My Dad and Old Cars
Some people bring home stray dogs. My father brings home stray cars. He gets emotionally attached and eventually puts them on life support. This keeps them viable long beyond the time other family members vote to pull the plug. He drives a 1968 VW van that chugs along on its third rebuilt engine. My big brother vows to bury dad in it. The 1971 VW Bug that he used for fifteen years is still operable, but since a teenager's foot went through the rusted floorboards to the street below, it's been relegated to the retirement home: his driveway. He continues paying on the life insurance policy but he has signed a "Do Not Resuscitate" waiver.
My father went off to college in a 1931 Model A Ford. In the back seat of that car, on an old country road, I made love for the first time. Now it sits under a blue parachute in the driveway. Mice breed in the upholstery and the ceiling fabric hangs in shreds, but my father is convinced the car will awaken from its coma and live to cruise again.
A 1960 Plymouth Valiant that drove like a tank and sounded like a B-52 suffered sudden paralysis one car-pooling morning when both front wheels turned at right angles to the frame of the car, bringing it to a sudden and permanent halt. Unwilling to assign the car to a nameless grave in Potter's Field, my father paid to have it hauled to a vocational school. Prince Valiant became a vehicular cadaver; the old thing may even have become an organ donor.

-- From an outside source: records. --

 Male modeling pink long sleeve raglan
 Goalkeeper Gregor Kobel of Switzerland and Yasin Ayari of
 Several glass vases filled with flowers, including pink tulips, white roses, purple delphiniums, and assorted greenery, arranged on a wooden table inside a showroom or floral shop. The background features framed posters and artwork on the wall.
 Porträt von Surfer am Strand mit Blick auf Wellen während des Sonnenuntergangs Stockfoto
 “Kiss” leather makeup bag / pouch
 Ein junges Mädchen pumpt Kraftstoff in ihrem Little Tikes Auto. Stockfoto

We don't buy new cars. According to my dad, "You never know what might go wrong with a new car, and you could get a lemon."
I say, "But we know even less about a used car. People don't sell their cars when everything's fine. They sell them when things start going wrong."
But does he listen? Nooooo.
It's a long story, but someone died and my dad fell heir to his Peugeot. The car had potential, and it was twelve years younger than any of the other cars, a veritable juvenile. During the protracted terminal illness of its previous owner, the Peugeot spent two years in steadfast curbside vigil. When it became my dads, he hauled it to a good doctor and spent a lot of money on a rehab program.
There were only two qualities that were consistent about that car, other than its consistently lousy attitude. Its seats were comfortable, and it stopped when I braked. That car had a genetic flaw or an incurable virus manifested by many perplexing symptoms.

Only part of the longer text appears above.